(Data for this task)

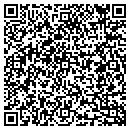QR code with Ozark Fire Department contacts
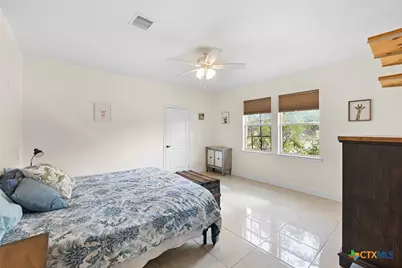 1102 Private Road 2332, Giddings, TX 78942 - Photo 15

(End Data for this task)
(Data for this task)

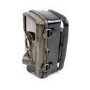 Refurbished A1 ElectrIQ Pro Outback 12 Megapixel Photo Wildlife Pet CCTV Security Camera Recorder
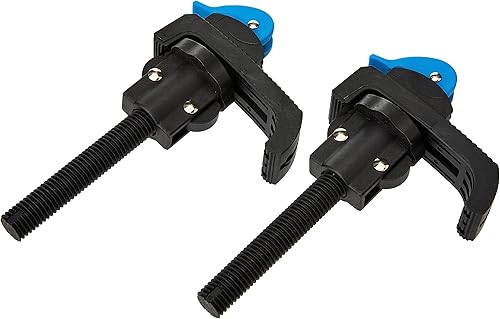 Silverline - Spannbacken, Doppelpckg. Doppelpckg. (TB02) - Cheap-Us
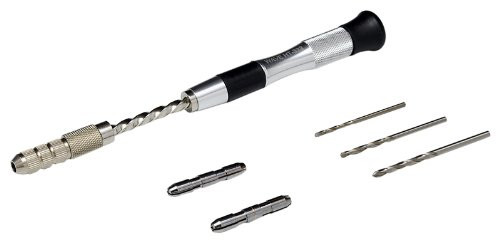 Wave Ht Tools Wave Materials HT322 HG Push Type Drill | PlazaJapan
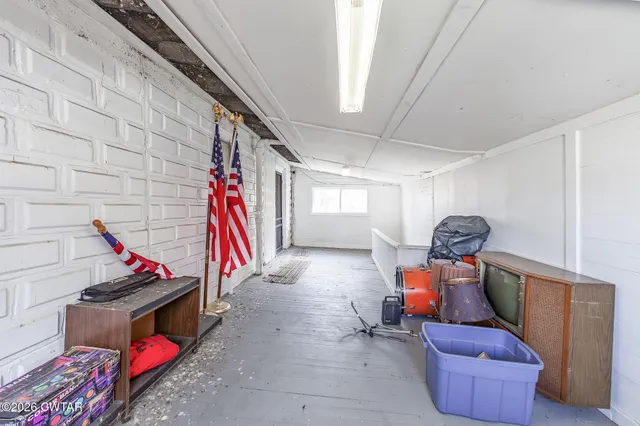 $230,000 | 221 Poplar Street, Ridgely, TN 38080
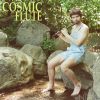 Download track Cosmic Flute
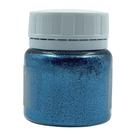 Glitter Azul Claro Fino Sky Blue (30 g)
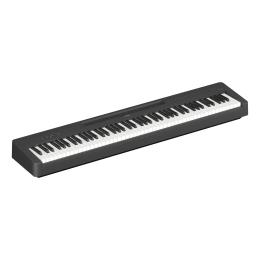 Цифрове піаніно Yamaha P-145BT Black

(End Data for this task)

_Exercise details_.
Starting at the line containing "QR code with Ozark Fire Department contacts" and stopping at the line containing "1102 Private Road", output each line exactly as it appears above. Leave out the pictures.

_Answer box_.
QR code with Ozark Fire Department contacts
 1102 Private Road 2332, Giddings, TX 78942 - Photo 15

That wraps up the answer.